Resource Needs and Access (RN)



The first questions are about personal or financial difficulties you may or may not have experienced recently, and your experiences receiving support. This information will be used to help improve the disability program. Your responses will be kept confidential and will not affect your status in the program.


RN-1. In the last 12 months … (Source: WellRx Questionnaire) Yes No

Did you or others you live with eat smaller meals or skip meals because you didn’t have money for food?

Were you homeless or worried that you might be in the future?

Did you have trouble paying for your utilities (gas, electricity, phone)?

Did you have trouble finding or paying for a ride (transportation)?

Did you need daycare, or better daycare, for your kids?

Did you need help finding a better job?

Did you need help getting more education?

Were you concerned about someone in your home using drugs or alcohol?

Did you feel unsafe in your daily life?

Did you need help with legal issues?

Was anyone in your home threatening or abusing you?

Have you needed medical care that you did not get because you couldn’t afford it?



RN-2. Some people use programs or services to help meet their needs. Have you used any of these programs or services in the past 12 months? (Source: New)

Yes No

Food assistance programs

Housing programs

Assistance for heating or utilities

Transportation assistance or programs

Childcare subsidies or pre-school programs

Work training programs

Scholarships or student loans

Domestic violence or sexual assault services

Medical care assistance programs or free clinics

Mental health or counseling programs

Legal aid office/clinics

Cash assistance programs

Other (Specify): _________________________________________________



Job Training/Help Finding Work


The next set of questions are about your experiences with finding work.
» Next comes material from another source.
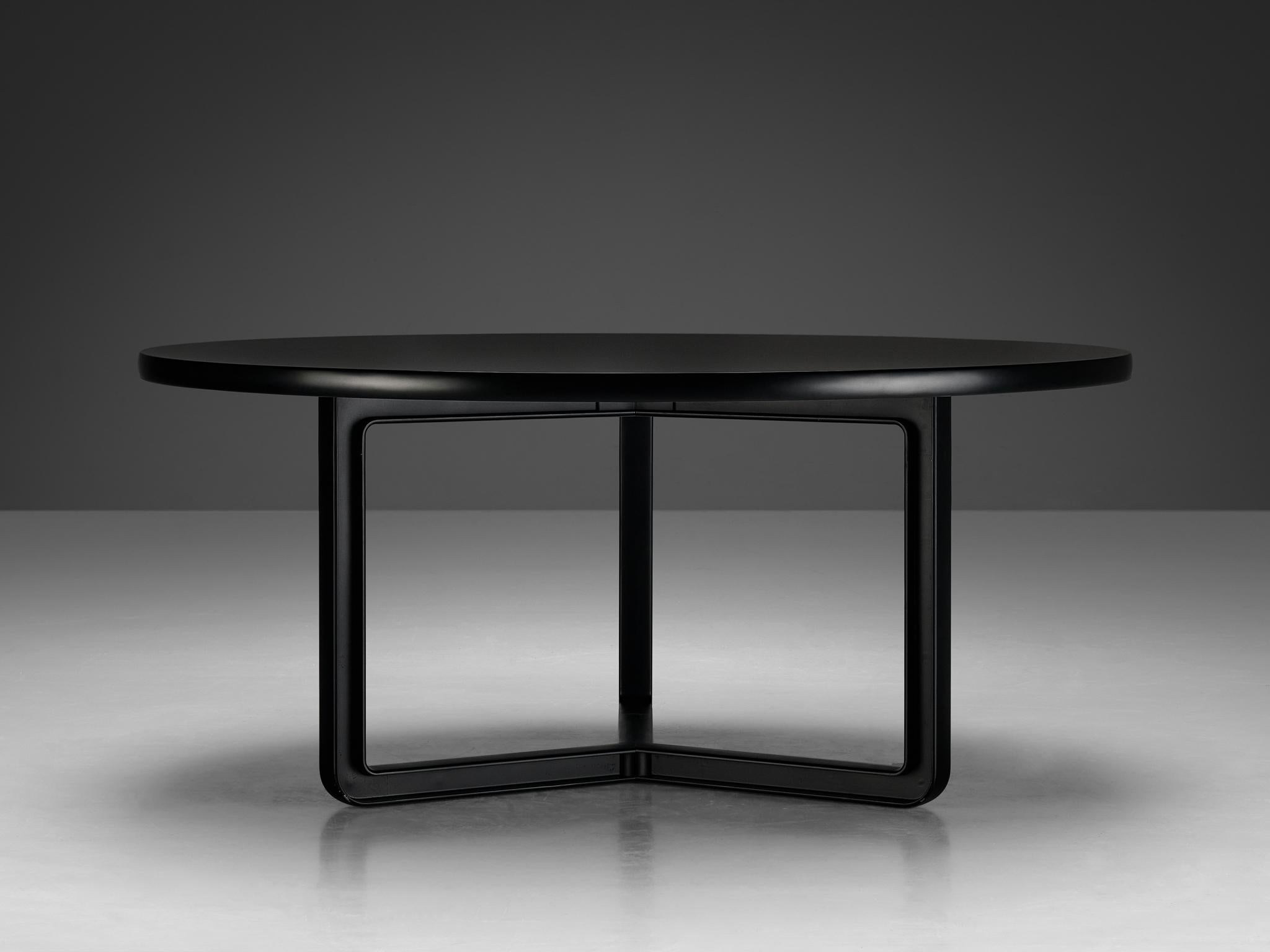 Post-Modern Centro Progetti Tecno Dining Table  For Sale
RN-4. In the past month, have you needed help finding or keeping a job? (Source: NEW)


Yes

No [RN-4.2]



RN-4.1. Please indicate the type of supports/services you needed. [CHECK ALL THAT APPLY] (Source: NEW)


Job skills assessment

Further education/job training

Resume/CV preparation

Career planning

Mock interviews

Job leads and job placement

Ongoing job supports (job coaching)

Assistance with requesting and obtaining job accommodations

Benefits counseling

Some other service (Specify): ______________________________________________



RN-4.2. Which of the following programs have you heard about? [CHECK ALL THAT APPLY] (Source: NEW)


Social Security’s Ticket to Work/Employment Networks

SSI’s Plan for Achieving Self-Support or PASS Plan

SSA’s Work Incentive and Planning Assistance programs

State vocational rehabilitation agencies

American Job Centers

Unemployment offices

Community health centers supports (job clubs or support groups)

Supported employment services or Individual Placement and Support (IPS)

Have not heard of any of these programs [HS-1]



RN-4.3. Have you used any job programs in the past 12 months? (Source: NEW)


Yes

No [RN-4.5]



RN-4.4. Tell us which specific programs you have used. (Source: NEW)


Social Security’s Ticket to Work/Employment Networks

SSI’s Plan for Achieving Self-Support or PASS Plan

SSA’s Work Incentive and Planning Assistance programs

State vocational rehabilitation agencies

American Job Centers

Community health centers supports (job clubs or support groups)

Supported employment services or Individual Placement and Support (IPS)

Some other program (Specify): _____________________________________________



PROGRAMMER INSTRUCTION: FOR QUESTION RN-4.4A, ONLY DISPLAY PROGRAMS SELECTED IN RN-4.4.



RN-4.4a. Of the programs you have used, please tell us if they were helpful or not helpful in finding a job. (Source: NEW)

I found I did not
this find this
helpful helpful

Social Security’s Ticket to Work/Employment Networks

SSI’s Plan for Achieving Self-Support or PASS Plan

SSA’s Work Incentive and Planning Assistance programs

State vocational rehabilitation agencies

American Job Centers

Community health centers supports (job clubs or support groups)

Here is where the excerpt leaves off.